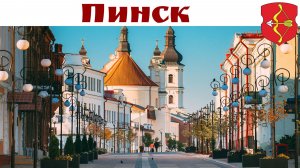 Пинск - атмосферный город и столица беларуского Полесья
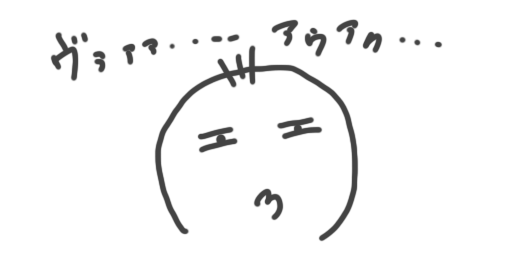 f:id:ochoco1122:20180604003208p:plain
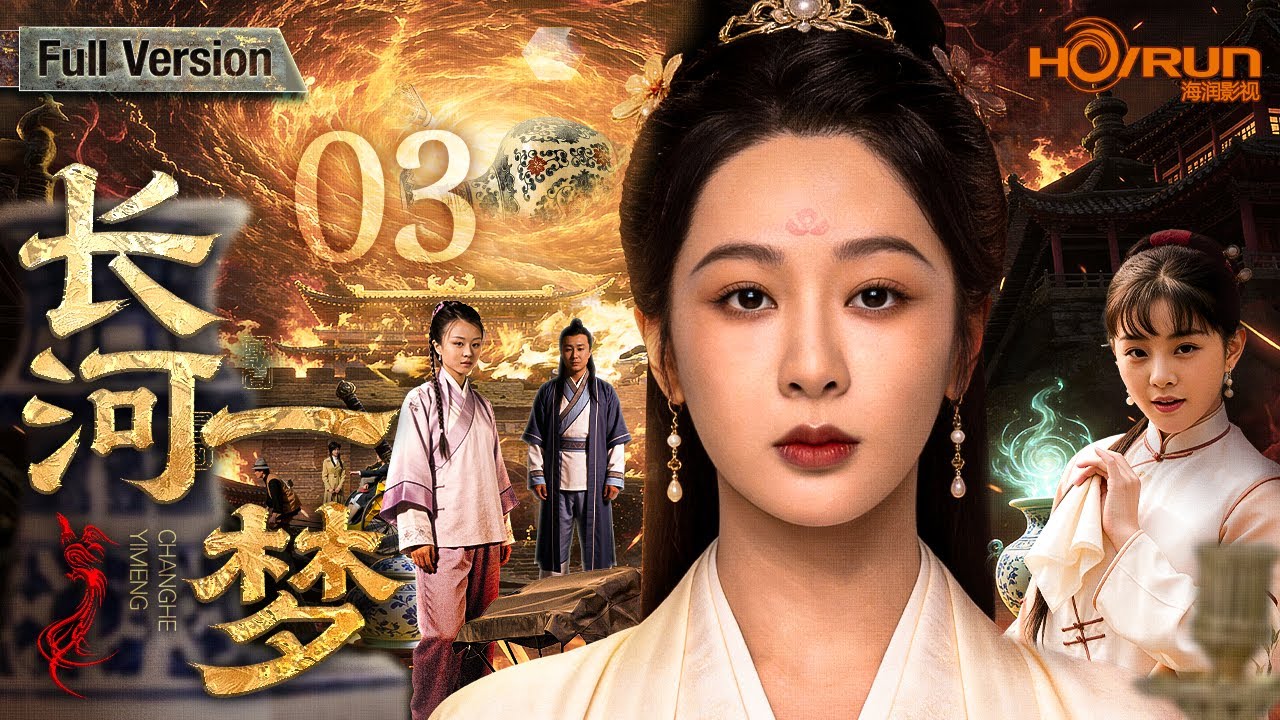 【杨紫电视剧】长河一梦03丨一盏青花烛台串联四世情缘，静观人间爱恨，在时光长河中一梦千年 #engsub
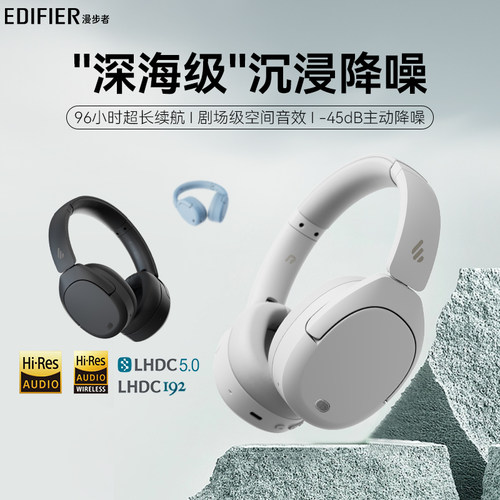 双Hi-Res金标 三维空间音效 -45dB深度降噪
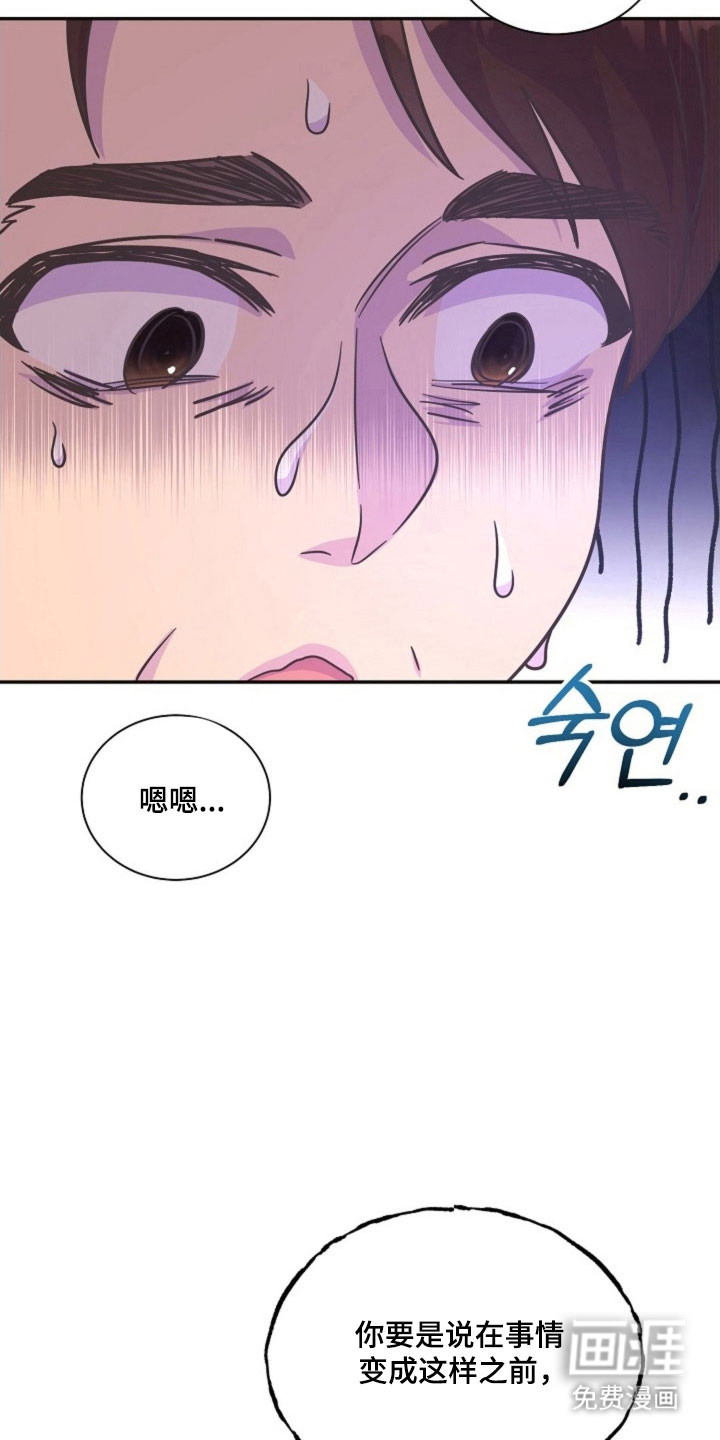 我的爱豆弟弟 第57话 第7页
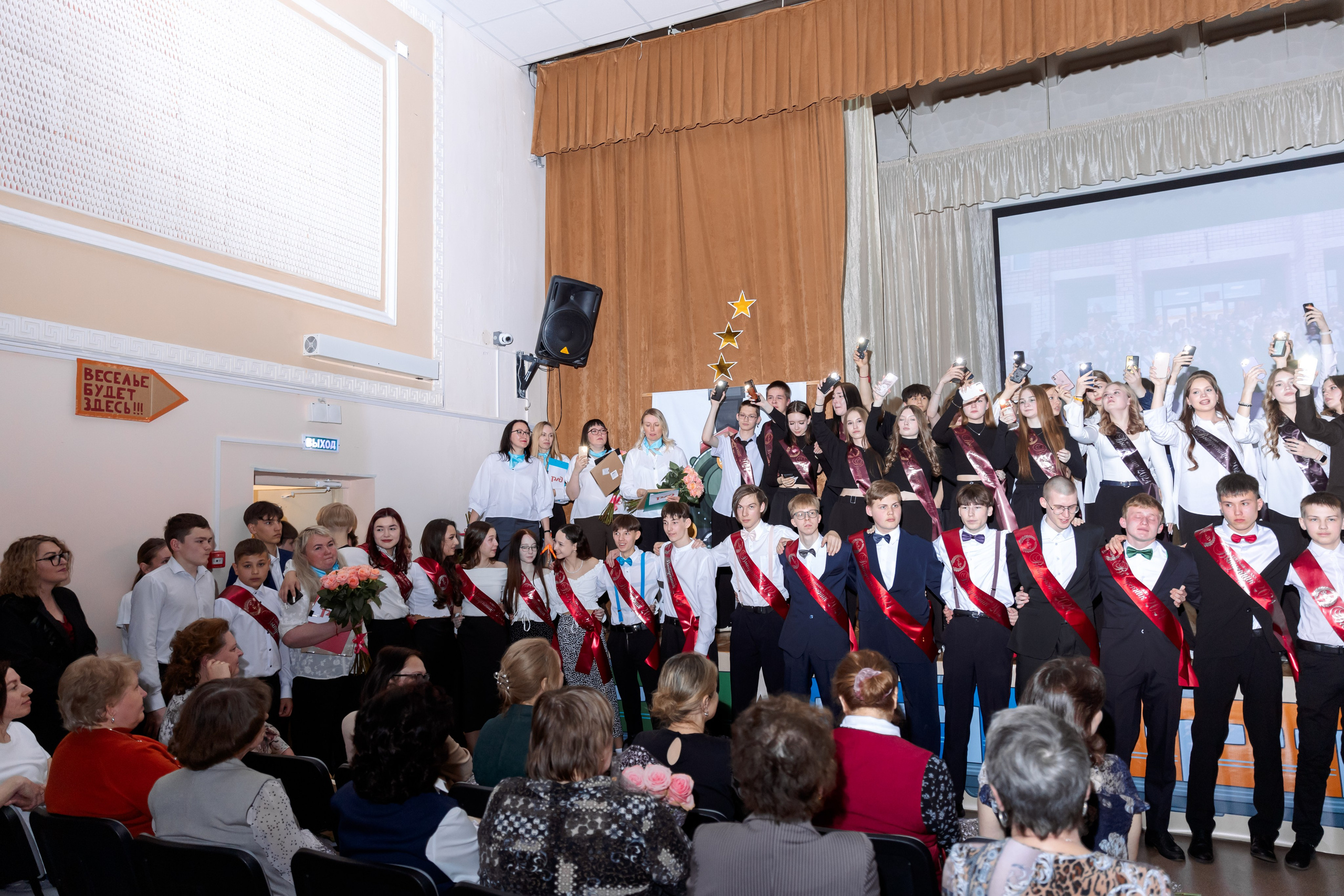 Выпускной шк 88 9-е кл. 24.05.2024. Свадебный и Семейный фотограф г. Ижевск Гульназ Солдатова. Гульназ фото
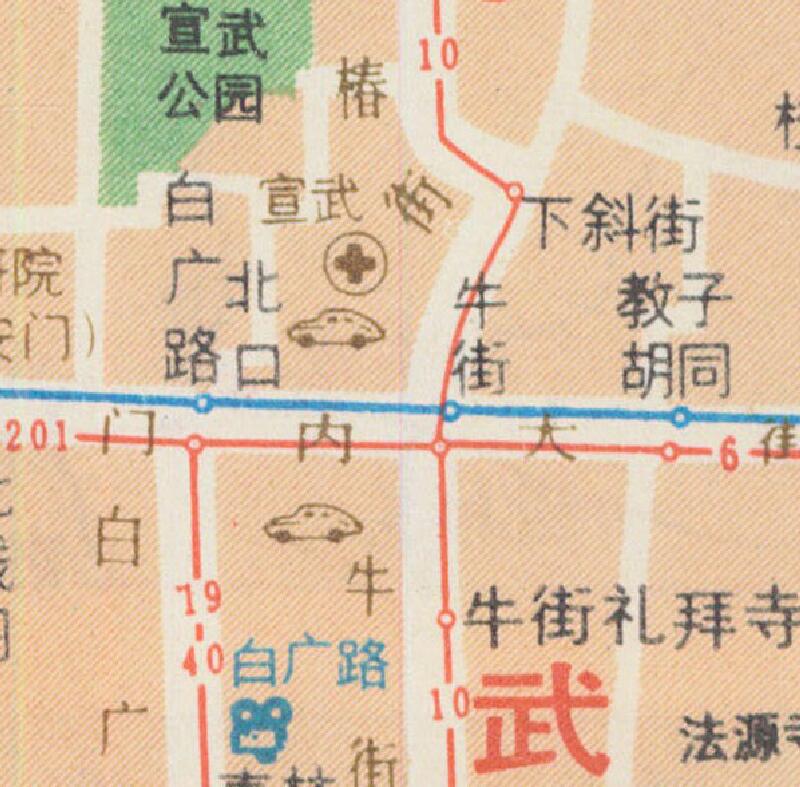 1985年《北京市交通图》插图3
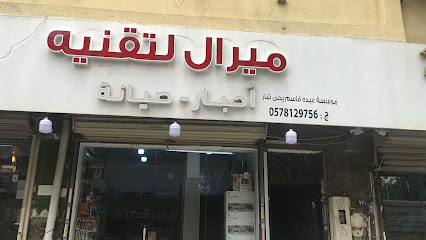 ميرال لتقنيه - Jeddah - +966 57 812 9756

- - -

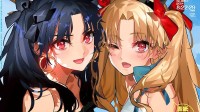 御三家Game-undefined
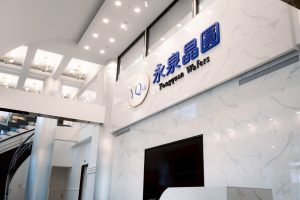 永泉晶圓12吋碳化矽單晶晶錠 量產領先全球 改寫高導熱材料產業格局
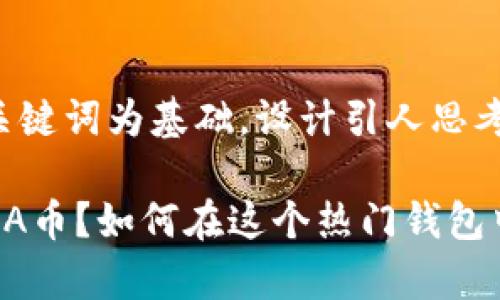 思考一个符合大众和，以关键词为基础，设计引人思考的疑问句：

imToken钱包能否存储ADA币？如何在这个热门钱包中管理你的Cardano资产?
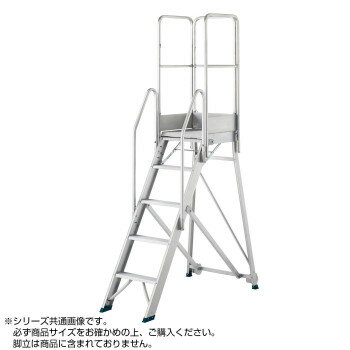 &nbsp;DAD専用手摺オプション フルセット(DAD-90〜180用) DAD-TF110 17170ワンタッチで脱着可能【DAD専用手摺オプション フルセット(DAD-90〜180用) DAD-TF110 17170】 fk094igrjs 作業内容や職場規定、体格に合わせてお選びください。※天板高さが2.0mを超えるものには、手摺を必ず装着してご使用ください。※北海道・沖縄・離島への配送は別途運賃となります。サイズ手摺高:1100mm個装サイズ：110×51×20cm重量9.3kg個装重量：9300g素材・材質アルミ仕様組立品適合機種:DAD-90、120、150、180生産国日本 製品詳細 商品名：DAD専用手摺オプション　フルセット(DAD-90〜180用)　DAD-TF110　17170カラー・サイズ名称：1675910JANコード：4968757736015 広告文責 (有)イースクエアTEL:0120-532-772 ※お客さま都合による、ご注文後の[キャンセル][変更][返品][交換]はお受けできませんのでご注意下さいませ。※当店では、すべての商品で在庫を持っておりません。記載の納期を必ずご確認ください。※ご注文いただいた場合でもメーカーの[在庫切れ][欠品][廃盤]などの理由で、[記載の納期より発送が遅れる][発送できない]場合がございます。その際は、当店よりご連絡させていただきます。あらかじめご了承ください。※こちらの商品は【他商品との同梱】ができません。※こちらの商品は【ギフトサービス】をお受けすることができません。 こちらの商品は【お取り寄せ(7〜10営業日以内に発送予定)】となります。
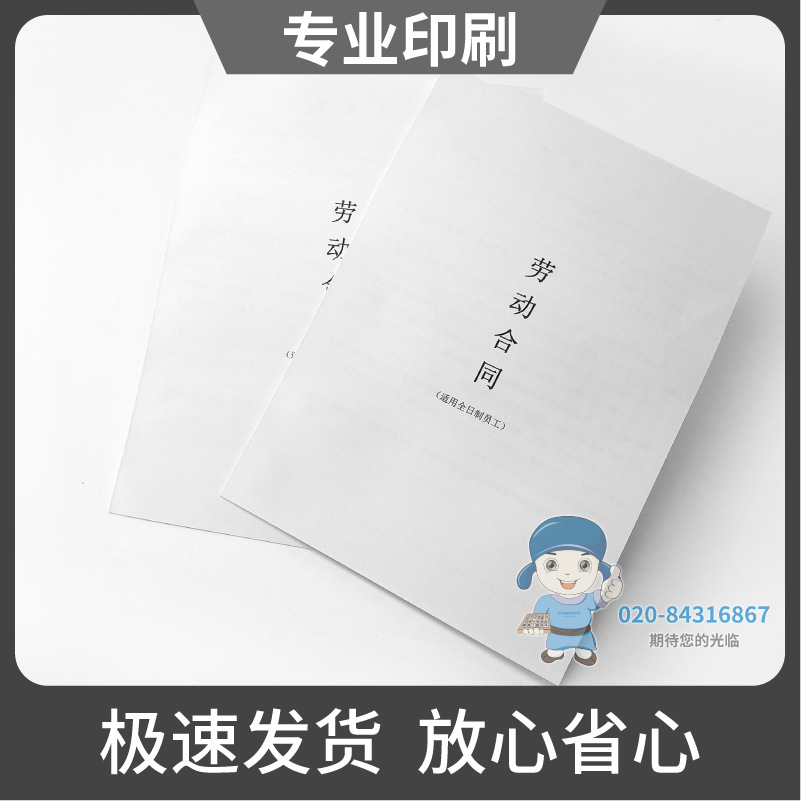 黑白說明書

- - -

> [The problem] Above are the records; please give again, exactly and in full, only the lines that run from the line with "Пинск - атмосферный" through the line with "ميرال لتقنيه - Jeddah - +966 57 812 9756", with no pictures.

> [Result]
 Пинск - атмосферный город и столица беларуского Полесья
 f:id:ochoco1122:20180604003208p:plain
 【杨紫电视剧】长河一梦03丨一盏青花烛台串联四世情缘，静观人间爱恨，在时光长河中一梦千年 #engsub
 双Hi-Res金标 三维空间音效 -45dB深度降噪
 我的爱豆弟弟 第57话 第7页
 Выпускной шк 88 9-е кл. 24.05.2024. Свадебный и Семейный фотограф г. Ижевск Гульназ Солдатова. Гульназ фото
 1985年《北京市交通图》插图3
 ميرال لتقنيه - Jeddah - +966 57 812 9756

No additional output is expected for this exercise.